**TASK MATERIAL**
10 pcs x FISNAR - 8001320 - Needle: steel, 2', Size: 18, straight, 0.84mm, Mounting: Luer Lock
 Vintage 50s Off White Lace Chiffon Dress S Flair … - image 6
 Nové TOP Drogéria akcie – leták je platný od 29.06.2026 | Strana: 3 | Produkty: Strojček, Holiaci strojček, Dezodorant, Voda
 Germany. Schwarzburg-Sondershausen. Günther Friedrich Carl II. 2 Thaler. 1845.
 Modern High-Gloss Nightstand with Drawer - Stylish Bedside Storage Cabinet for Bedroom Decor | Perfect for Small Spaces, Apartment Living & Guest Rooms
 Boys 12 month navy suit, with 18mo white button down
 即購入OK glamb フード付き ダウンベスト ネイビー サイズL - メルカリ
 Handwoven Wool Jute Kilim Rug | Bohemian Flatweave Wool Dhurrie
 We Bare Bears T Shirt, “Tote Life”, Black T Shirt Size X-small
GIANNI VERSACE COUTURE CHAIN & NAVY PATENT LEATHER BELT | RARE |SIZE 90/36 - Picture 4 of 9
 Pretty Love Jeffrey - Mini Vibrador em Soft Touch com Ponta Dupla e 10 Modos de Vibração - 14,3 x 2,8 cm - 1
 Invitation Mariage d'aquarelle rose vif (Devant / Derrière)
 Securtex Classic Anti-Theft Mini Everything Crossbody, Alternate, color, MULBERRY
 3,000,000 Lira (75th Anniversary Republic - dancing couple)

**BRIEF**
Your answer should be the lines from the one that contains "Pretty Love Jeffrey" through the last line of the material, copied exactly.

**ANSWER TO THIS PROBLEM**
 Pretty Love Jeffrey - Mini Vibrador em Soft Touch com Ponta Dupla e 10 Modos de Vibração - 14,3 x 2,8 cm - 1
 Invitation Mariage d'aquarelle rose vif (Devant / Derrière)
 Securtex Classic Anti-Theft Mini Everything Crossbody, Alternate, color, MULBERRY
 3,000,000 Lira (75th Anniversary Republic - dancing couple)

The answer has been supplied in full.